A Journey into Industrializing the Writing and Deployment of Kibana Plugins (riding Docker)

le 19/09/2016 par Alexandre Masselot
Tags: Data & AI

by Alexandre Masselot (OCTO Technology Switzerland), Catherine Zwahlen (OCTO Technology Switzerland) and Jonathan Gianfreda.

The possibility of custom plugins is a strong Kibana promise. We propose an end to end tutorial to write such plugins. But this "end to end" approach also means "how to continuously deploy them?", "how to share an environment with seeded data?" Those questions will bring us in a full fledged integration infrastructure, backed by Docker.

The Elasticsearch has grown from a Lucene evolution to a full fledged distributed document store, with powerful storage, search and aggregation capabilities. Kibana has definitely brought a strong component for interactive searching and visualization, transforming the data storage tier into an end user browser.

Customizable dashboards via a rich library of graphical components made its success, but soon, the need for real customization arose. If plugins were thought to be integrated from early on, the actual customization often lied into forking the master project and adapting to on particular purpose. Merging back fixes was soon to be a daunting effort to keep up with the high pace of the Github repository evolution .

Fortunately, as of version 4.3, the Kibana project took a more structured way to integrate custom plugins. The promise of maintainable external plugins became true. Those plugins, written in JavaScript, can be as simple as a standalone widget (e.g. a clock), a field formater (an up/down arrow instead of positive/negative number), a graphical representation of a search result (a chart) or a full blown application.

So, that should be easy.
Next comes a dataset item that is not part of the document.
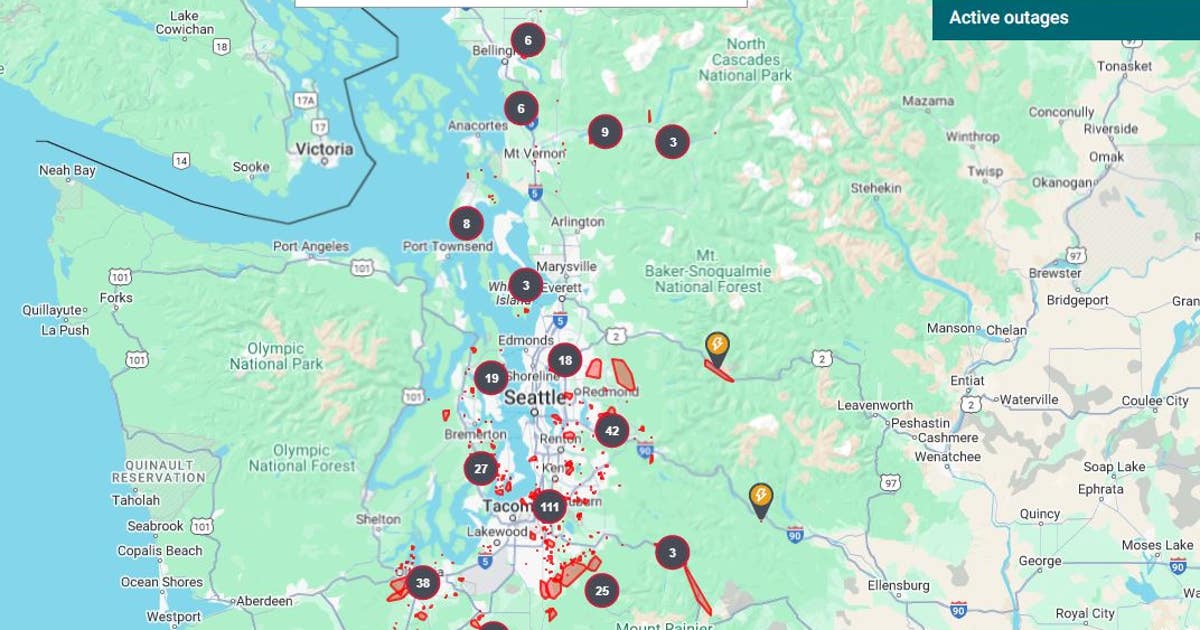 Tracking power outages after strong winds hit WA | FOX 13 Seattle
Just google and you would craft wonderful shiny visualizations.

But not fast, young Kibana Padavan! Documentation lacks, resources are valuable but scarce. But the promise is still shiny and we want to reach it.

In this post, we propose to share our journey into the writing of Kibana plugins, the little pitfalls we fell in and the setup of continuous deployment into a Docker environment. There is no dramatic discovery or stunning breakthrough today, but a tentative to write a map to make your journey easier.

The purpose of the Quest

The goals was to meet the Kibana 4.3+ promise, to be able to customize the platform without forking the orignal code branch.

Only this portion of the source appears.